Would you retype exactly the lines below, starting with the one that has "BD10 9RU map" and going on through the one that has "Lampa wisząca Galati", with no pictures and nothing else?
------ THE RECORDS ------
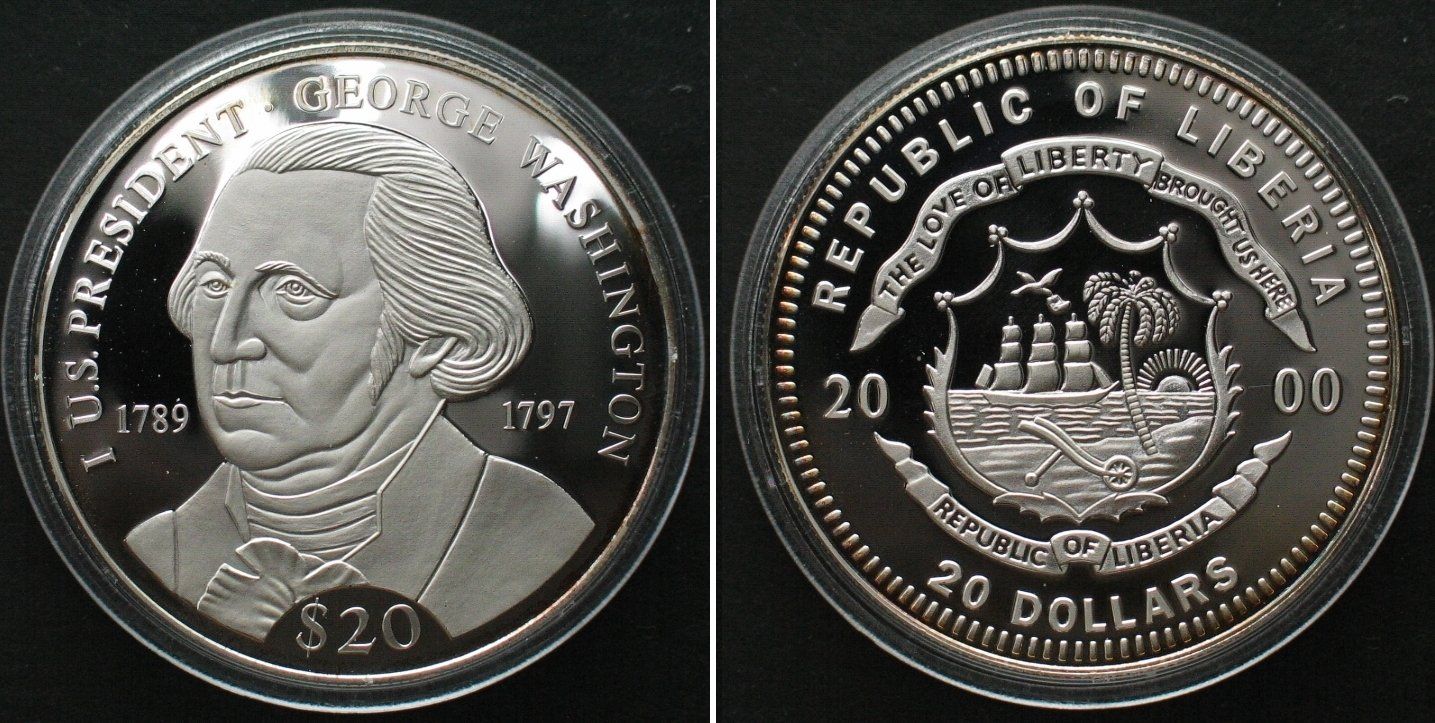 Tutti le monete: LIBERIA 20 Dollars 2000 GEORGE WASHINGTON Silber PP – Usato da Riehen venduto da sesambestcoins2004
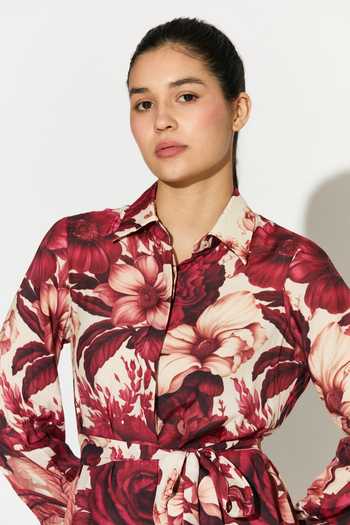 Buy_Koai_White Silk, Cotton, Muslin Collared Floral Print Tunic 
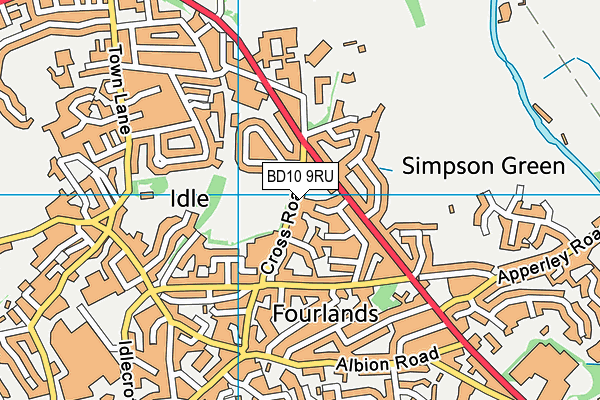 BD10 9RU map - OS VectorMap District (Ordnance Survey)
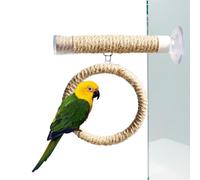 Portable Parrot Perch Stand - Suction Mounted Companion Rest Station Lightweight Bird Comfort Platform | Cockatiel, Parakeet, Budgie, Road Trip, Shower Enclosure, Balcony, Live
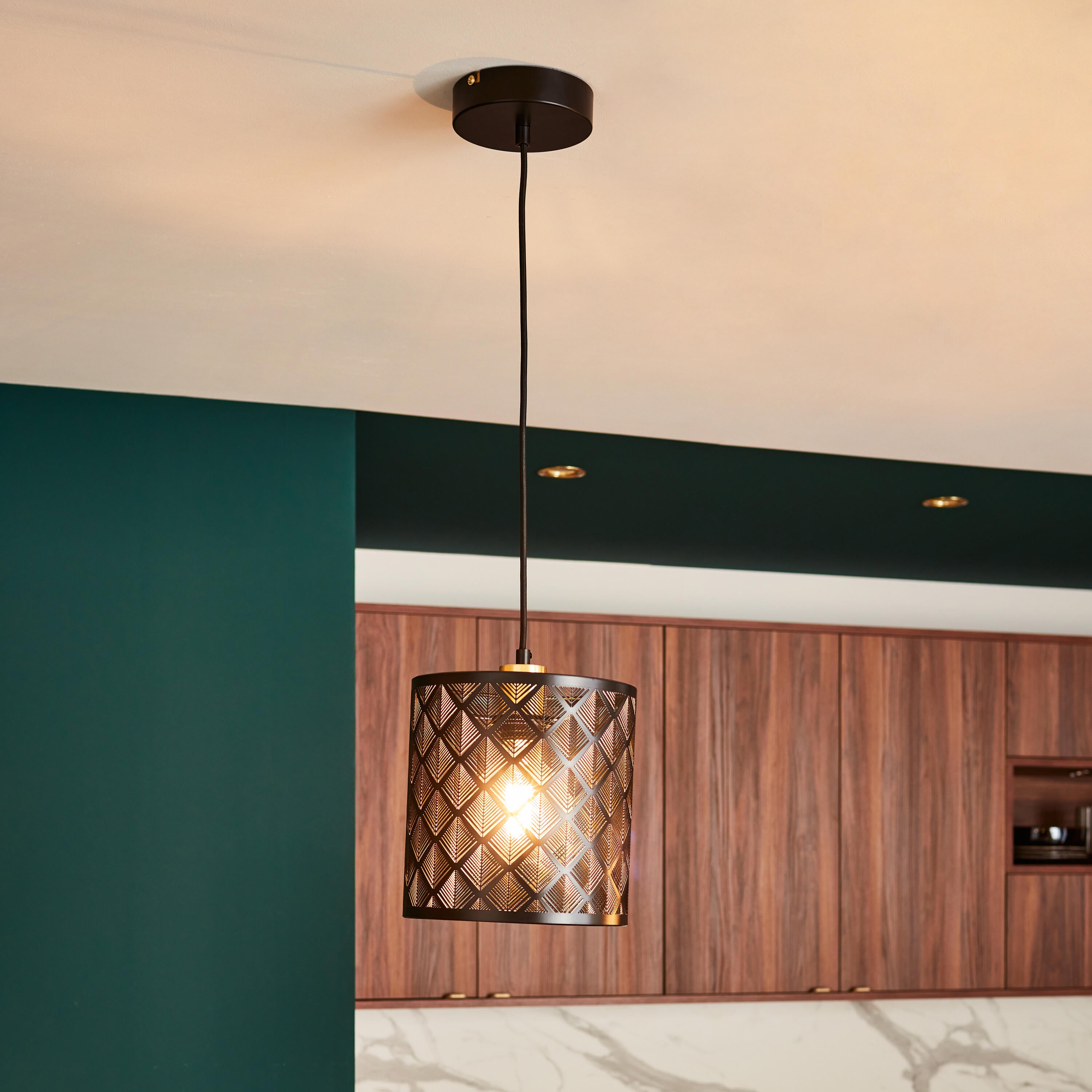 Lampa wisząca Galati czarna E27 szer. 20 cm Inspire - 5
------
------ THE RECORDS ------
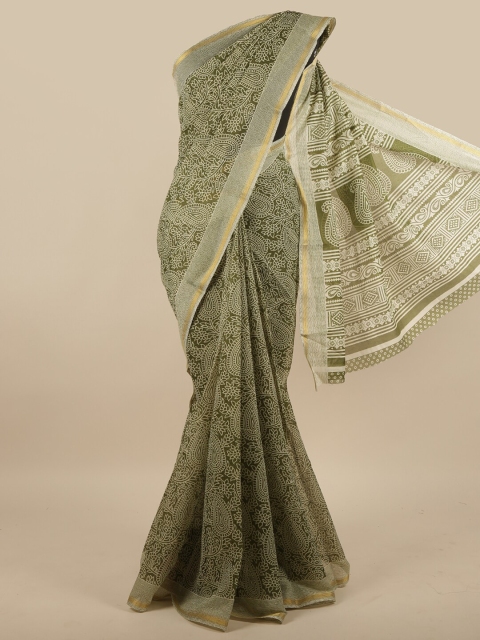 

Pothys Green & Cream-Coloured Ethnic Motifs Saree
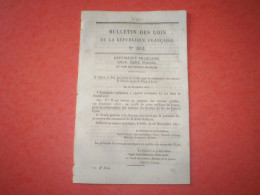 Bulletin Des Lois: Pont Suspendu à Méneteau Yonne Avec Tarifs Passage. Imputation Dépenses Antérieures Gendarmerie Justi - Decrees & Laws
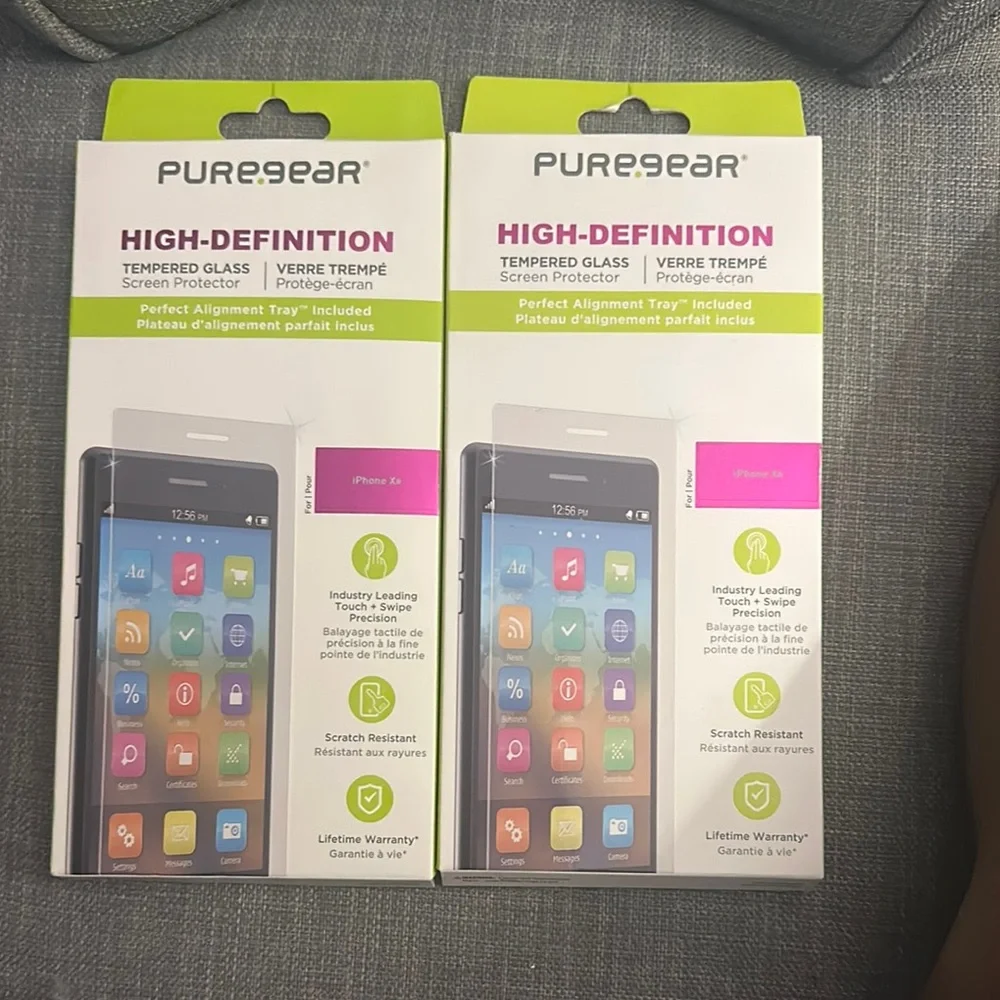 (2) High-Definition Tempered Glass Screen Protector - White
------
REPLY TO THE EXERCISE:
 BD10 9RU map - OS VectorMap District (Ordnance Survey)
 Portable Parrot Perch Stand - Suction Mounted Companion Rest Station Lightweight Bird Comfort Platform | Cockatiel, Parakeet, Budgie, Road Trip, Shower Enclosure, Balcony, Live
 Lampa wisząca Galati czarna E27 szer. 20 cm Inspire - 5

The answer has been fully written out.